Art. 153. Os contratos poderão ser aditados para permitir a adoção dos meios alternativos de resolução de controvérsias.
Art. 154. O processo de escolha dos árbitros, dos colegiados arbitrais e dos comitês de resolução de disputas observará critérios isonômicos, técnicos e transparentes.
Importante anotar, neste ponto, que o elenco do artigo 151 se revela exemplificativo. Em verdade, ele não exclui outras possibilidades e métodos de prevenção e resolução de conflitos. Registre-se, por exemplo, que é concebível a negociação direta entre as partes, sem a participação de terceiros, a qual se configura como forma de autocomposição de conflitos.
Os meios adequados de resolução de litígios relacionam-se a direitos patrimoniais disponíveis, tais como as questões concernentes ao restabelecimento do equilíbrio econômico-financeiro da avença, ao adimplemento das obrigações contratuais por quaisquer das partes e ao cálculo do valor de indenizações, conforme estabelece o parágrafo único do artigo 151.
Conforme autorizado pelo artigo 153, os contratos administrativos podem ser aditados para permitirem a adoção de meios alternativos ou adequados de resolução de conflitos.
Frise-se, por sua vez, que a arbitragem será sempre de direito, observado o princípio da publicidade, nos termos do artigo 152. Trata-se, na realidade, de previsão semelhante à constante do artigo 2º, § 3º, da Lei nº 9.307/1996 (Lei de Arbitragem).
Ainda quanto à instauração da arbitragem, cumpre esclarecer que o processo de escolha dos árbitros, dos colegiados arbitrais e dos comitês de resolução de disputas observará critérios isonômicos, técnicos e transparentes, conforme o artigo 154.
Um detalhe importante: tal escolha pode ser enquadrada como hipótese de inexigibilidade de licitação, em razão da inviabilidade de competição. Isso não afasta, entretanto, a necessidade de adoção de critérios isonômicos, técnicos e transparentes por parte do Poder Público. Tal objetivo pode ser garantido, por exemplo, com o credenciamento de instituições arbitrais que preencham requisitos básicos e proporcionais previamente fixados. O mesmo raciocínio se aplica à escolha dos comitês de resolução de disputas.
Pela relevância dos temas, serão feitas considerações, em tópicos apartados, acerca dos comitês de resolução de disputas e da arbitragem nos contratos administrativos.
1. O comitê de resolução de disputas (dispute board)
O comitê de resolução de disputas (dispute board) pode ser conceituado como um órgão colegiado, geralmente formado por três experts — comumente advogados ou engenheiros —, indicados pelas partes no momento da celebração do contrato.
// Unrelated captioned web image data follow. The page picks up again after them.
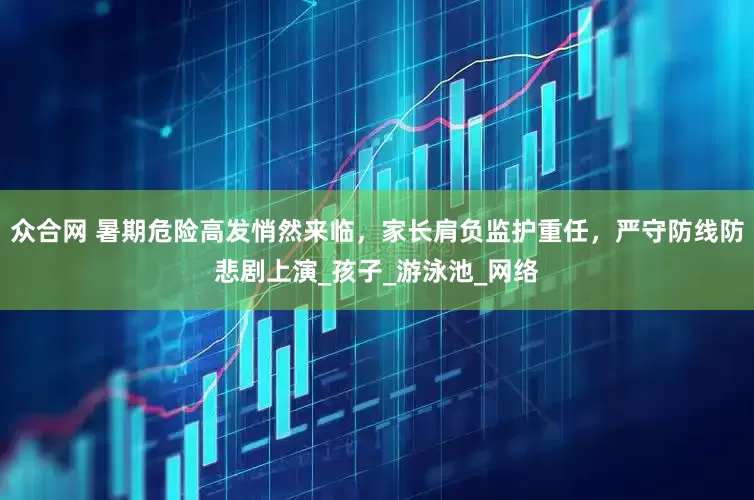 众合网 暑期危险高发悄然来临，家长肩负监护重任，严守防线防悲剧上演_孩子_游泳池_网络
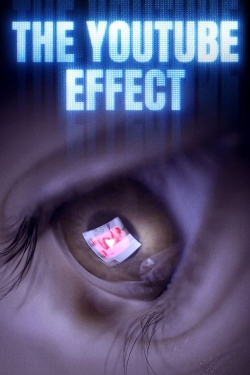 Watch Free The YouTube Effect Full Movies HD Online MyFlixer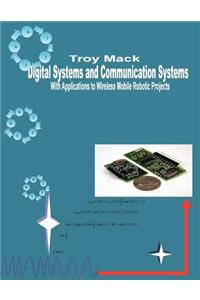 Digital Systems and Communication Systems with Applications to Wireless Mobile Robotic Projects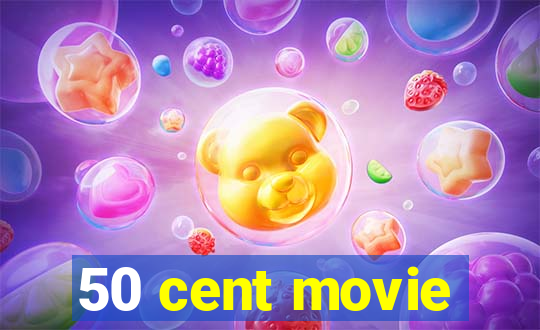 50 cent movie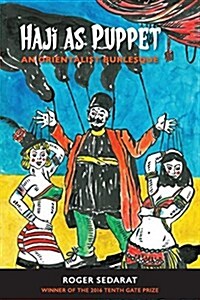Haji as Puppet: An Orientalist Burlesque (Paperback)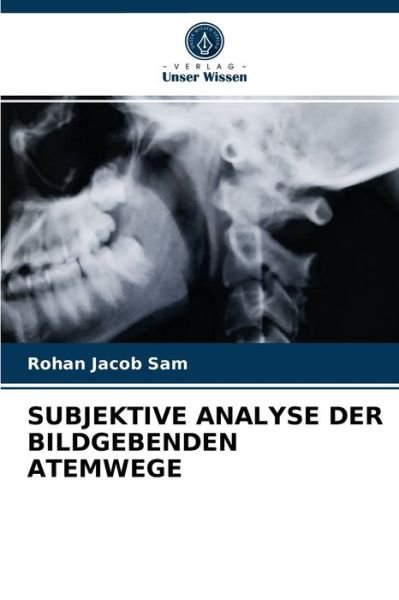 Cover for Rohan Jacob Sam · Subjektive Analyse Der Bildgebenden Atemwege (Paperback Book) (2021)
Seu objetivo é acompanhar a execução contratual desde o início, com poderes para emitir recomendações ou decisões, conforme o caso concreto.
Existem três tipos de dispute boards:
Dispute Review Boards : emitem recomendações sobre determinada controvérsia, desprovidas de caráter vinculante imediato;
Dispute Adjudication Boards : decidem as controvérsias contratuais, sendo suas decisões dotadas de caráter vinculante;
Combined Dispute Boards : emitem recomendações e, em determinados casos, decidem disputas contratuais.
Os dispute boards, apesar da reduzida aplicação no Brasil, podem representar relevante mecanismo de solução de controvérsias, especialmente nos contratos de grande vulto econômico e elevada complexidade firmados pela Administração Pública.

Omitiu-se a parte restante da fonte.